Qualifications
Key Responsibilities:
Ensure system reliability and performance across multi-cloud, multi-region platforms using first principles thinking.
Build and maintain comprehensive observability solutions (OpenTelemetry, New Relic, Grafana, Prometheus) that deliver actionable insights into system health and performance.
Automate infrastructure provisioning and deployments utilizing Terraform and infrastructure-as-code practices.
Define, implement, and monitor Service Level Objectives (SLOs) and Service Level Indicators (SLIs) that align with business-critical Service Level Agreements (SLAs) and foster accountability for reliability.
Manage and optimize Kubernetes clusters (EKS, GKE) focusing on security hardening, performance, and operational excellence.
Lead incident response initiatives, troubleshoot complex system issues, restore services promptly, and conduct thorough root cause analyses.
Implement preventive measures and reliability enhancements based on insights gained from incidents and system behavior patterns.
Collaborate with platform engineers and developers to integrate reliability best practices into system architecture and delivery pipelines.
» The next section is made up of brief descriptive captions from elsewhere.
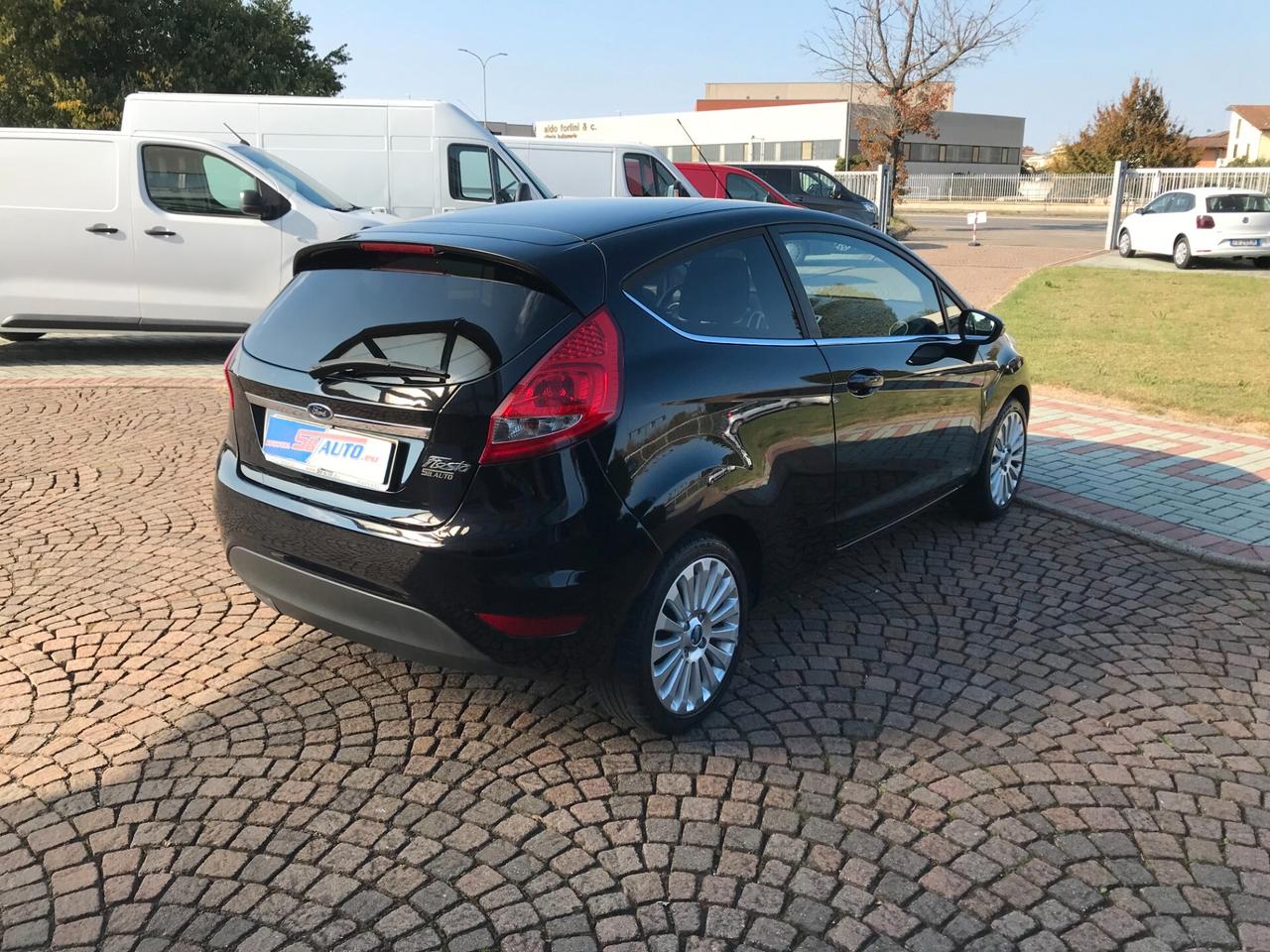 Ford Fiesta 1.2 16V 5p. Ghia GPL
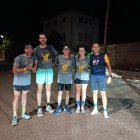 Varios participantes durante el segundo relevo nocturno.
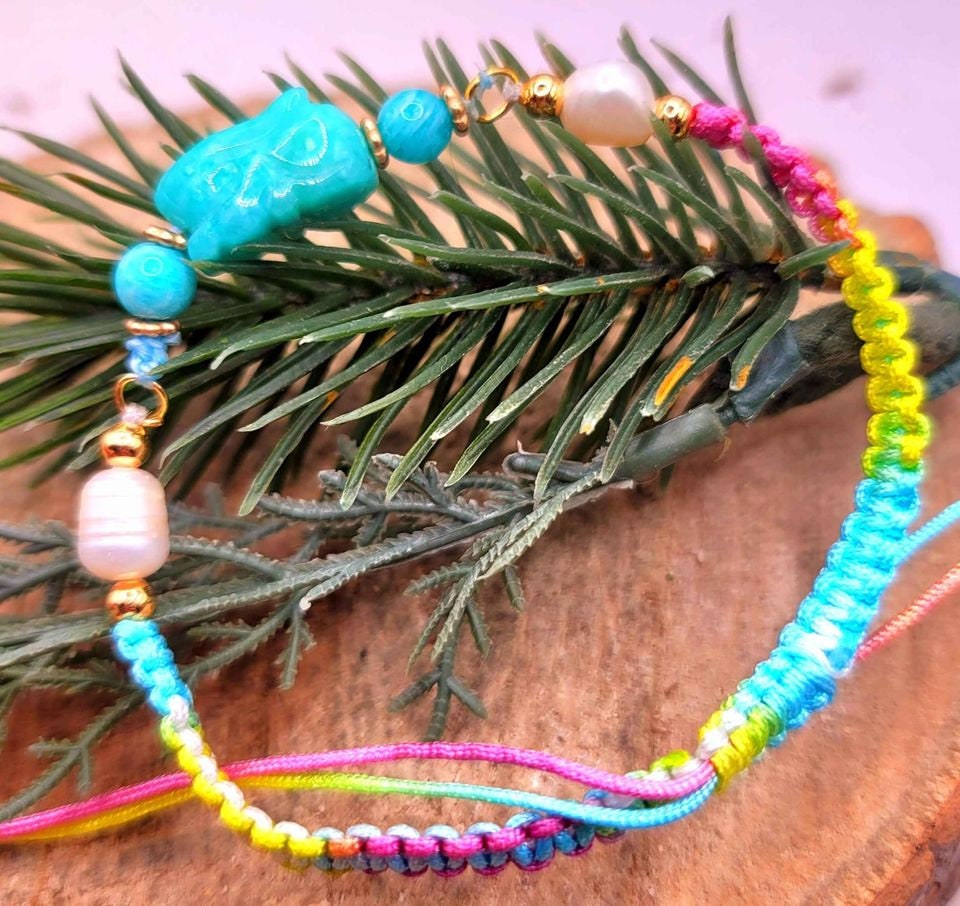 Nature Amazonite Hand Carved Rabbit Pearl Accent Hand Knitted Adjustable Bracelet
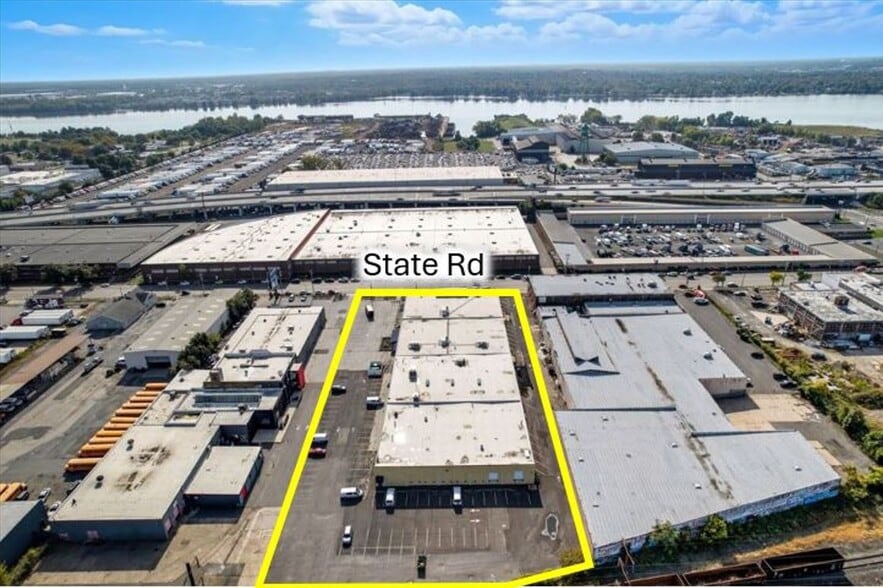 More Photos Of 7520 State Rd, Philadelphia Warehouse For Sale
Proactively scale infrastructure capacity based on growth forecasts and traffic patterns.
Contribute to architecture reviews with a strong focus on reliability, performance, and operational sustainability.
Encourage a culture of continuous improvement, systematic problem-solving, and operational excellence.
About the job
This position does not support visa sponsorship or transfers, including H1-B, F-1, OPT, STEM-OPT, or TN visas, nor is it available for corp-to-corp arrangements.
This is a hybrid position. Candidates are required to work in our Fort Mill, SC office three days a week, from Tuesday to Thursday, and may work remotely on Mondays and Fridays.
The Red Platform - Platform Engineering (RPPE) team at Red Ventures is actively seeking a dedicated Site Reliability Engineer. In this pivotal role, you will ensure that our platforms and applications are resilient, scalable, and capable of performing under high loads. Your focus will be on engineering reliability from the ground up, incorporating observability, automation, and proactive operational practices designed to prevent failures rather than merely responding to them.
As part of a small, high-impact team, you will manage enterprise-scale systems across AWS, GCP, and Kubernetes environments, with a strong emphasis on uptime. This role will require you to build reliability guardrails, establish comprehensive monitoring, and implement automation that allows our organization to operate with confidence and agility.